Diversi anni fa abbiamo progettato una variante per i viadotti della Sardegna, che ci è valsa la menzione alla medaglia d’oro di Architettura Italiana. Rispetto al solito ponte a travi in cemento armato abbiamo proposto e costruito, per un totale di 2 Km di impalcati, una soluzione nella quale abbiamo usato una struttura mista in acciaio e calcestruzzo che abbiamo anche brevettato. Si trattava di una trave centrale e di un sistema reticolare laterale che facevano collaborare una soletta gettata su elementi prefabbricati. L’obiettivo era quello di avere un’opera che pesava 92 kg/mq contro una media di 160 kg/mq e che avesse un aspetto non impattante e all’altezza del contesto paesaggistico. Il viadotto ha delle luci che vanno dai 26 ai 40 metri ed è stato totalmente innovativo da essere copiato in diversi luoghi del mondo.

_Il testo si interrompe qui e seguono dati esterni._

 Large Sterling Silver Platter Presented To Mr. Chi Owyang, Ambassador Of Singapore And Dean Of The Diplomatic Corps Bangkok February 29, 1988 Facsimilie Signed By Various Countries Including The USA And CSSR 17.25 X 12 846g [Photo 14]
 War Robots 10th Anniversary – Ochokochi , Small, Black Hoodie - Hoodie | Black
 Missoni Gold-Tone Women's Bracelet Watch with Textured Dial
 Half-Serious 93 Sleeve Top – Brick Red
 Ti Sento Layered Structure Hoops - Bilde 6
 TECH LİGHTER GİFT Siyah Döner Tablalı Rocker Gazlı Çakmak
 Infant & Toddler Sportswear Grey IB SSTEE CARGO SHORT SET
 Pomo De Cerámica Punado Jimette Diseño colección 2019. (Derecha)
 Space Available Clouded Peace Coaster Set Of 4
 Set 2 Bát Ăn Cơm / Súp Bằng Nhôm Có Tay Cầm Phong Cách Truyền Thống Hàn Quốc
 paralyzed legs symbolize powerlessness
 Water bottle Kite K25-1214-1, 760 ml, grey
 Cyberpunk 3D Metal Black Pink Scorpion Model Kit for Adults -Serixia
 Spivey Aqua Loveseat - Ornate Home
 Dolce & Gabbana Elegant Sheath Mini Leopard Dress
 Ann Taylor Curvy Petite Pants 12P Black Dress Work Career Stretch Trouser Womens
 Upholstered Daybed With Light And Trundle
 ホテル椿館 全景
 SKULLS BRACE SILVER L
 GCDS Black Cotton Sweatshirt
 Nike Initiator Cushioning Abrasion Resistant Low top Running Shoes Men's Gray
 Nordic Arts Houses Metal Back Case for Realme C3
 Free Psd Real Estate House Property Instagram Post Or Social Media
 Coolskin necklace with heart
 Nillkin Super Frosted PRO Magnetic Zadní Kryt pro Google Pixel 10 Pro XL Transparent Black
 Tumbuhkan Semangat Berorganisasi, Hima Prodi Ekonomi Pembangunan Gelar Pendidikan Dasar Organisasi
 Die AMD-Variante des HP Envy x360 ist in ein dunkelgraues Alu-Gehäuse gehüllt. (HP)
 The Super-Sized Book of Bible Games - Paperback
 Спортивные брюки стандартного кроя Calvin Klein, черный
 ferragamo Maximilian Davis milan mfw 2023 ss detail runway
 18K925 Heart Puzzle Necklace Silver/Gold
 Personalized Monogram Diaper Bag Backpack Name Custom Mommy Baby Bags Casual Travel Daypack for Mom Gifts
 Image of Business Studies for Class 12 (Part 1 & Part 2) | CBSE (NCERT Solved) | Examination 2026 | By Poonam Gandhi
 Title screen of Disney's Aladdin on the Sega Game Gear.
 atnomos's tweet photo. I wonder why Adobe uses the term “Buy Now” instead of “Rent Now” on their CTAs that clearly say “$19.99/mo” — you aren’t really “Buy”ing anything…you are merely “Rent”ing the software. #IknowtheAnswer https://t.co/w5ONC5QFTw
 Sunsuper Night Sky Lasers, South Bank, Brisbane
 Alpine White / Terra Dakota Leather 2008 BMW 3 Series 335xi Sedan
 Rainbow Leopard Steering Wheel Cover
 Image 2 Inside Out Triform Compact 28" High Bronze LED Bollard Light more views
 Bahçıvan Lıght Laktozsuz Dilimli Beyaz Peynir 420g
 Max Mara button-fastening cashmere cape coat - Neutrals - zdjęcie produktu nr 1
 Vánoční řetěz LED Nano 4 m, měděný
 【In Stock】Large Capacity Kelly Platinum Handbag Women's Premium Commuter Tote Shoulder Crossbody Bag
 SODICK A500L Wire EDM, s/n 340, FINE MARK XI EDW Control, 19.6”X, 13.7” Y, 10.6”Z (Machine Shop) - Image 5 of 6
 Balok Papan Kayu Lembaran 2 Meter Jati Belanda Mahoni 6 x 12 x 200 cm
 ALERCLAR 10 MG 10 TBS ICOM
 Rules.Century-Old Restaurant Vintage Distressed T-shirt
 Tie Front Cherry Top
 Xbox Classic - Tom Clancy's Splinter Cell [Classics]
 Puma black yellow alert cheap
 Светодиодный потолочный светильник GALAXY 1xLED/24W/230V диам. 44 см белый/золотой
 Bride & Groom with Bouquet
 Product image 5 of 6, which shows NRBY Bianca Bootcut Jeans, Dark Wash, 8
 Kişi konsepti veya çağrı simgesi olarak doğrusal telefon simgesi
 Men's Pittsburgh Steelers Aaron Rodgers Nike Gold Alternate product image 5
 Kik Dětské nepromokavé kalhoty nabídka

Oggi non si progetta più così perché si prediligono soluzioni più materiche, con meno sofisticazione nella concezione e nell’esecuzione. Quest’opera mi tocca anche dal punto di vista sentimentale: è uno dei primi progetti di cui mi sono occupato appena tornato in Italia, un lavoro compiuto con mio papà a quattro mani.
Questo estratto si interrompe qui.